- [INFORMATION SUPPLIED]:
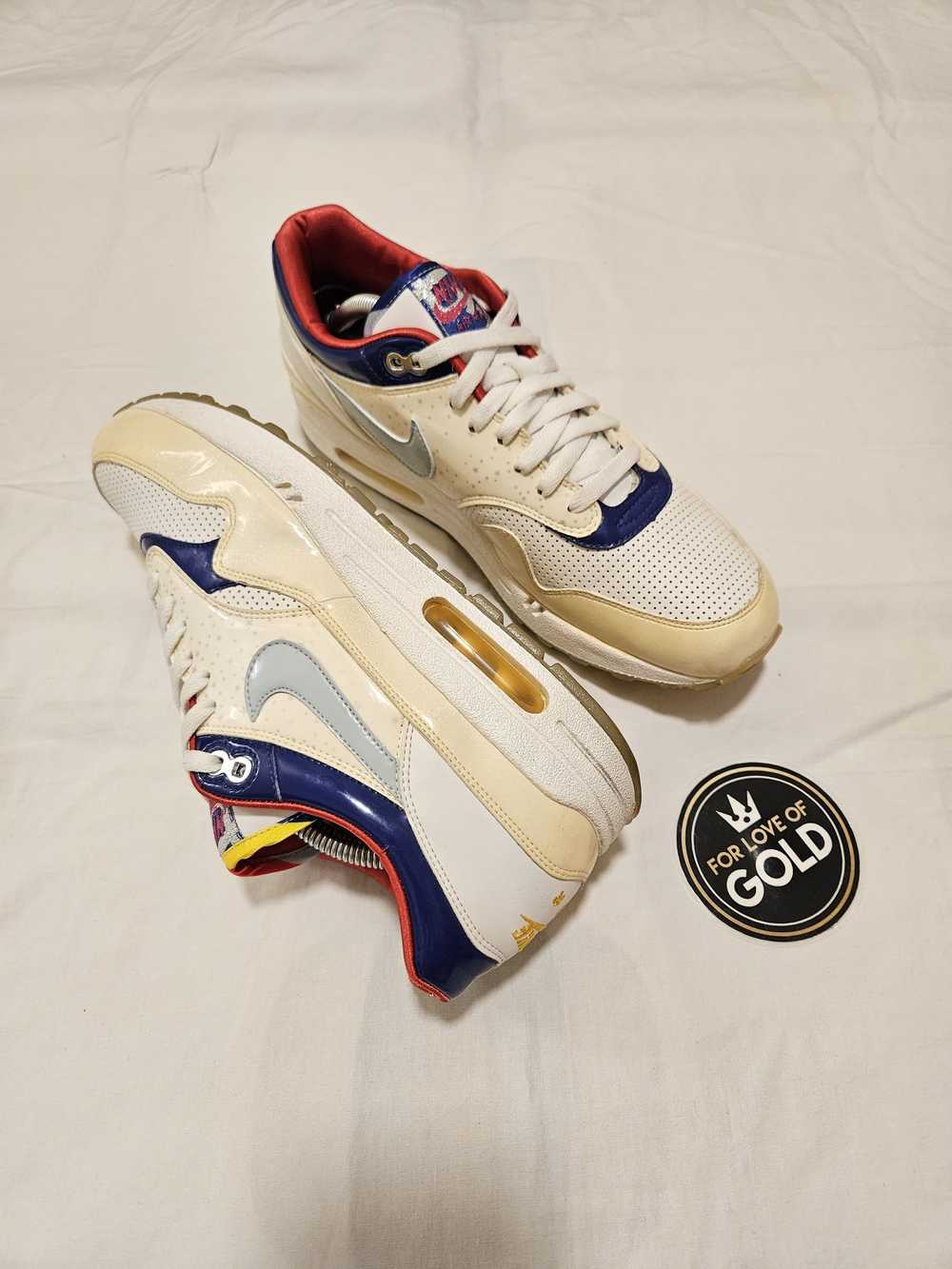 Hype × Nike × Vintage RARE 2008 Nike Air Max 1 Ni… - image 1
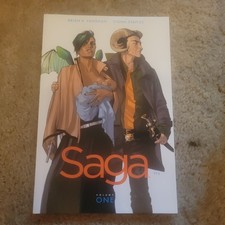 Saga #1 (Image Comics Malibu Comics October 2012) picture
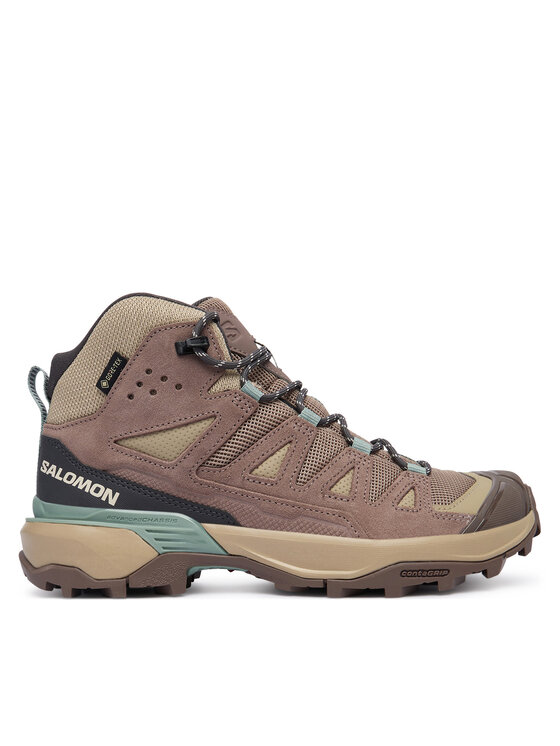 Salomon Salomon Scarpe da trekking X Ultra 360 Ltr Mid Gtx W L49158400 Cachi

- [THE PROBLEM]:
Go through the material and set it down again exactly, but without any pictures.

- [PROBLEM SOLUTION]:
 Hype × Nike × Vintage RARE 2008 Nike Air Max 1 Ni… - image 1
 Saga #1 (Image Comics Malibu Comics October 2012) picture
 Salomon Salomon Scarpe da trekking X Ultra 360 Ltr Mid Gtx W L49158400 Cachi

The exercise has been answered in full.